▼

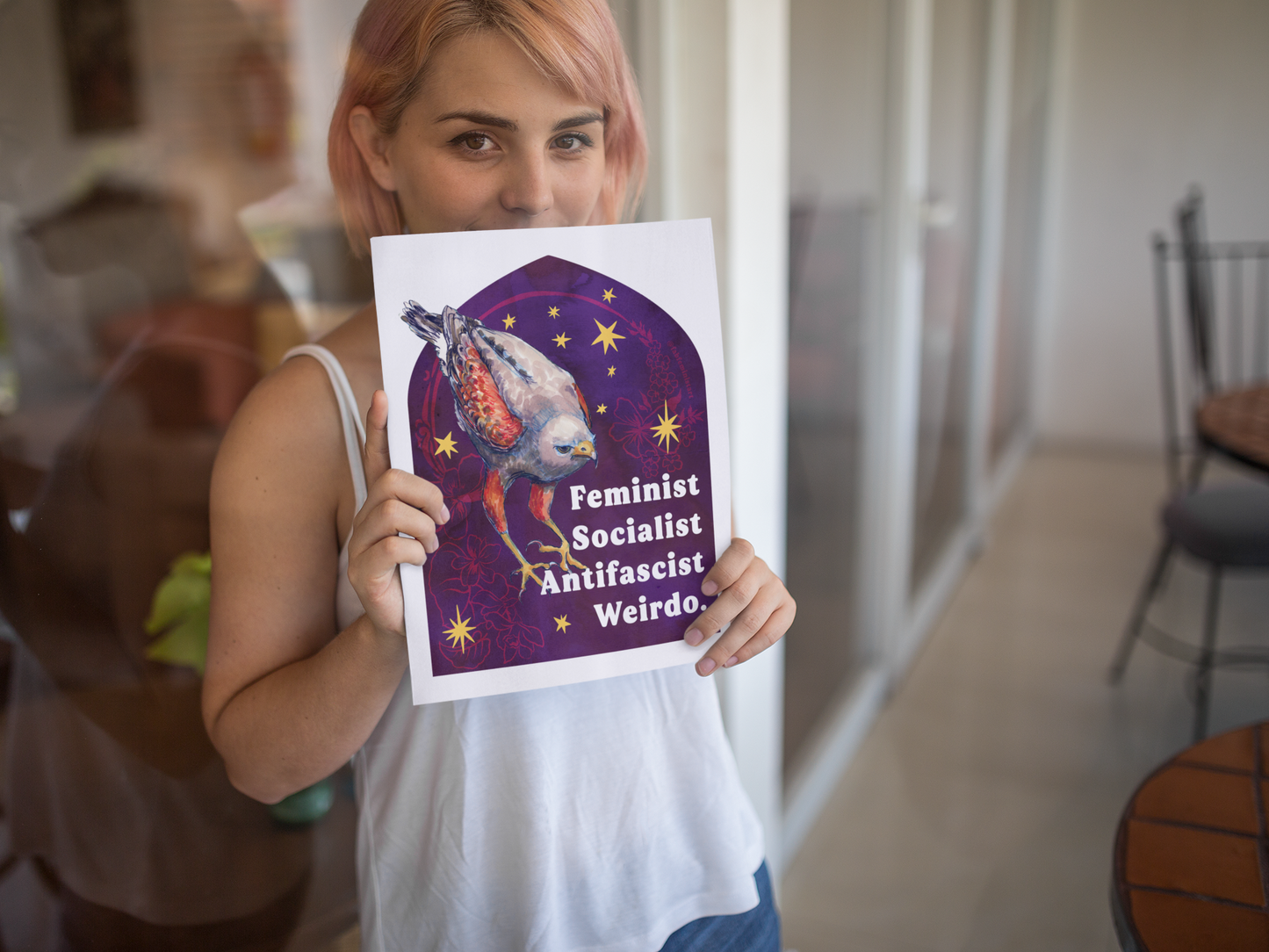 Feminist Socialist Antifascist Weirdo Poster: Feminist Art Print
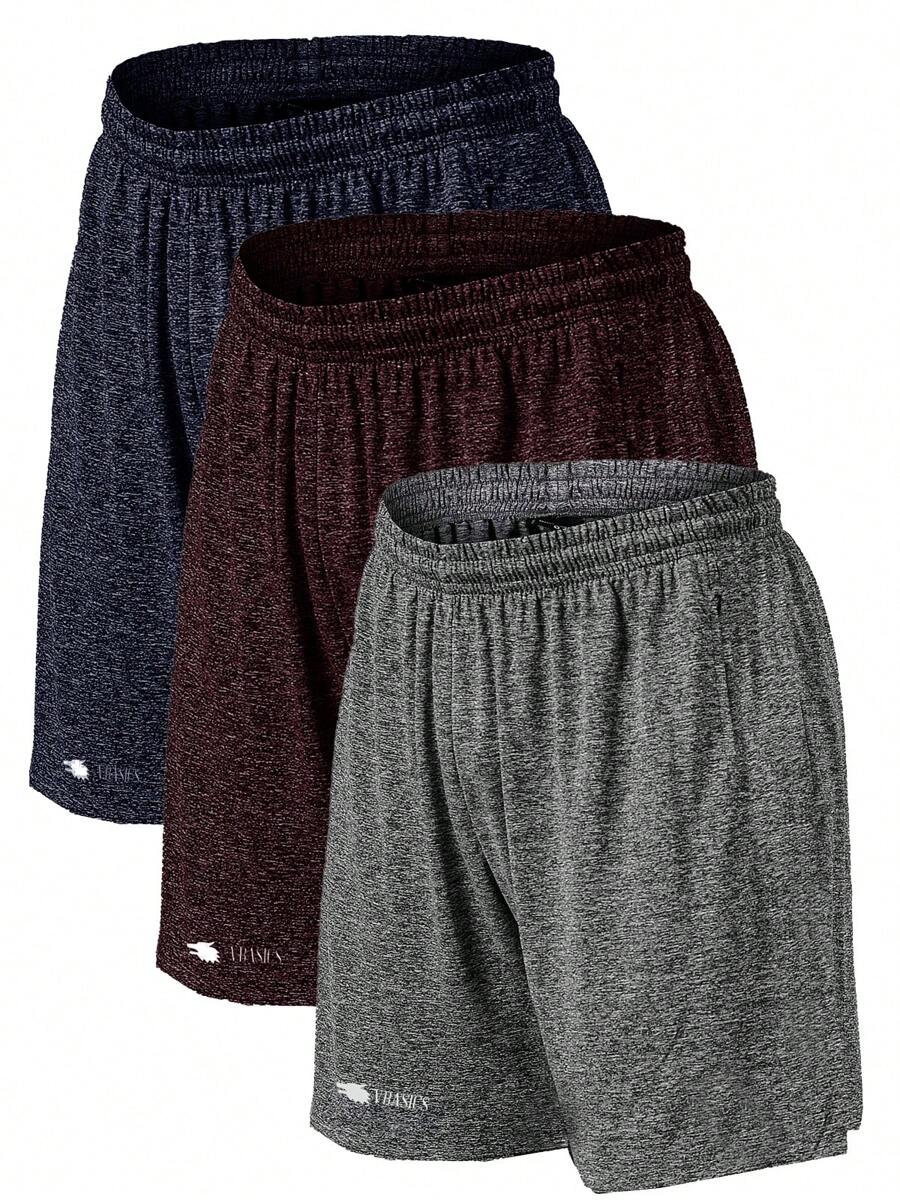 Kit 3 Bermuda Shorts Light Dry Fit Gym Training - Màu Đỏ Sâu - Xem 1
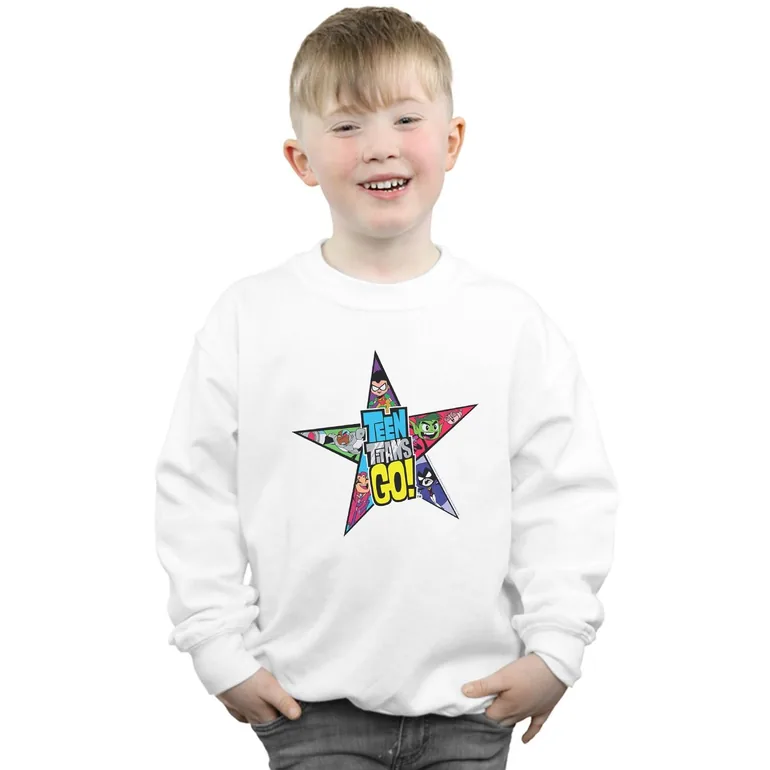 DC Comics Boys Teen Titans Go Star Logo Sweatshirt - White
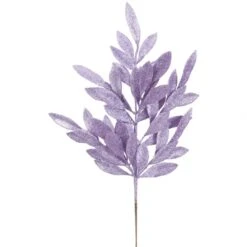 22 Inch Purple Glitter Bay Leaf Spray (Set Of 6)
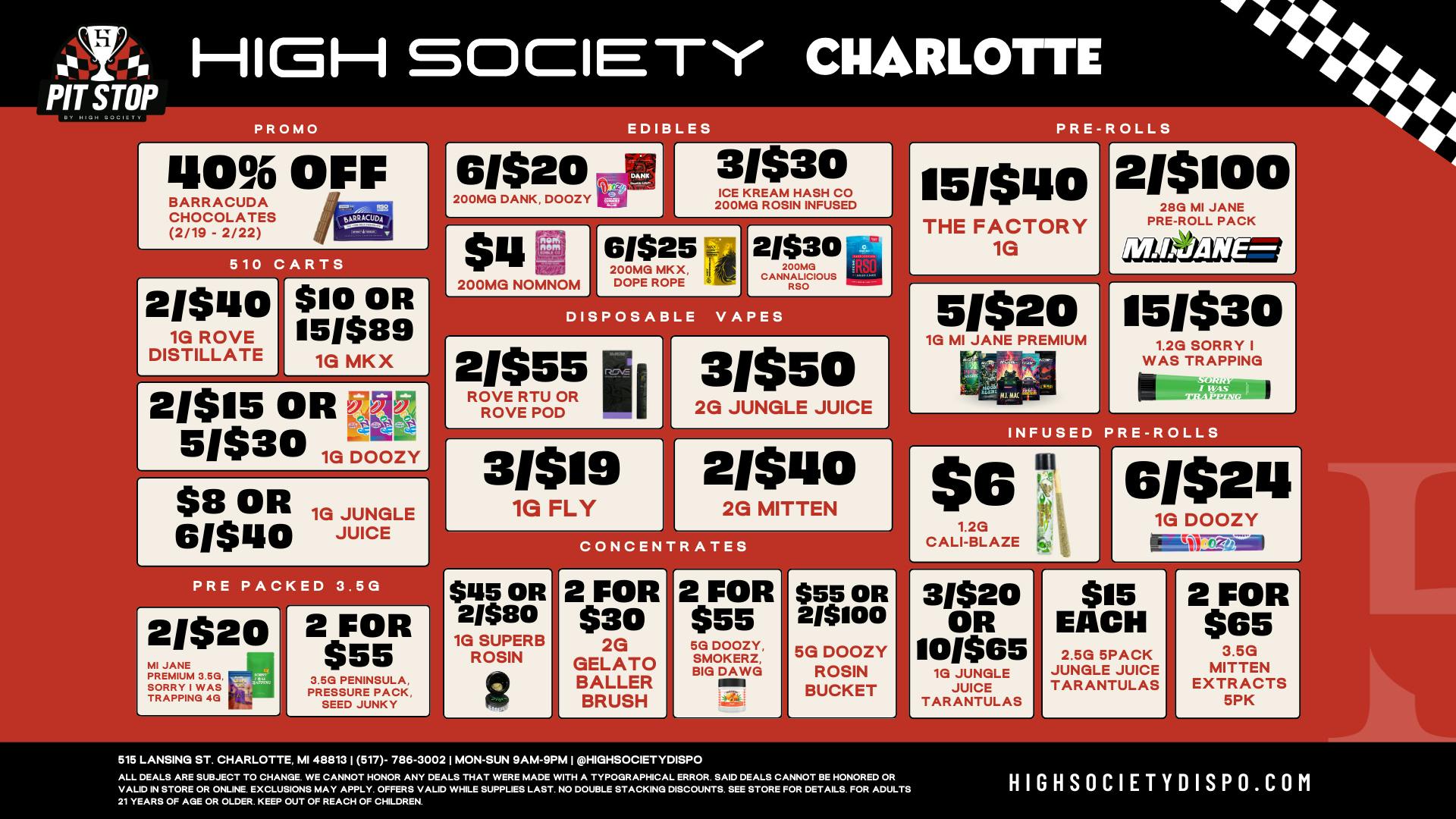 High Society Charlotte Weekly Deals!!!!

▲

#### What to produce:
Strip out the pictures and quote the remaining data word for word.

#### Solution for this exercise:
 Feminist Socialist Antifascist Weirdo Poster: Feminist Art Print
 Kit 3 Bermuda Shorts Light Dry Fit Gym Training - Màu Đỏ Sâu - Xem 1
 DC Comics Boys Teen Titans Go Star Logo Sweatshirt - White
 22 Inch Purple Glitter Bay Leaf Spray (Set Of 6)
 High Society Charlotte Weekly Deals!!!!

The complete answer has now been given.